Ein zweites Projekt befasst sich mit der Geschichte der Agrarökonomen im 20. Jahrhundert, das zu einer gruppensoziologischen Analyse im Feld der Wirtschaftswissenschaft ausgedehnt werden soll. Des Weiteren ist das Institut mit einem Monitoring der Krise beschäftigt. Zudem sind kleinere Publikationen auf dem Weg. Im Juni wird es eine Sommerakademie geben, und eine Fachtagung für den nächsten Winter ist ebenfalls in der Planung.
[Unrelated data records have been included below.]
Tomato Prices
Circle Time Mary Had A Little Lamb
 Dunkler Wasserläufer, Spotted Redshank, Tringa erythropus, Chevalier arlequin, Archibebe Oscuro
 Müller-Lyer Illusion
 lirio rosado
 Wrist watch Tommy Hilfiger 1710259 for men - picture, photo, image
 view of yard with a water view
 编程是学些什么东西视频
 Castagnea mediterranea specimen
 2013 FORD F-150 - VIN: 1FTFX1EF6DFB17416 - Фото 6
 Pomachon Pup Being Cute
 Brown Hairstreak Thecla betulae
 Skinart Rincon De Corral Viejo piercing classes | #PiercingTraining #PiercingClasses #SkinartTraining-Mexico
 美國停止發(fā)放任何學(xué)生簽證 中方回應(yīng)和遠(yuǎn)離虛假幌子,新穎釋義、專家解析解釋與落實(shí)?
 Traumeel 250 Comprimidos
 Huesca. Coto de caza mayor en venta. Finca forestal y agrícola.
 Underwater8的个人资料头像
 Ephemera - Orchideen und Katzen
Welches Abstraktionsniveau sollte das Instituts einnehmen – zwischen Wissenschaftstheorie/-Soziologie und Praxis, wo findet sich das ICAE?

Walter Ötsch: Das Abstraktionsniveau wird schon deshalb hoch sein, weil Gesamtanalysen ständige Synthesen und innovative theoretische Arbeit erfordern. So ist es auch für unsere konkreten Projekte - gerade für kommende, mehr empirische angelegte - unerlässlich, theoretische Rahmen zu formulieren. Dazu muss der Umgang mit bestehenden Ansätzen und Theorien methodisch immer wieder überprüft werden, um die Kohärenz der Forschungen und des Gesamtkonzepts zu gewährleisten. Gerade die Grenzen zwischen Wissenschaftstheorie, Soziologie und Ökonomie verwischen bei solch einem Ansatz, weshalb es auch immer wieder notwendig ist, diese Grenzen neu zu ziehen und die Forschungen neu zu begründen. Aber die theoretische und empirische Forschungsarbeit ist die eine Seite. Das Institut wird auch mit Publikationen und Veranstaltungen öffentlich sichtbar sein, und dabei die Forschungen und wissenschaftliche Debatten so präsentieren, dass sie ohne großen Komplexitätsverlust verständlich sind und ein möglichst breites Publikum ansprechen.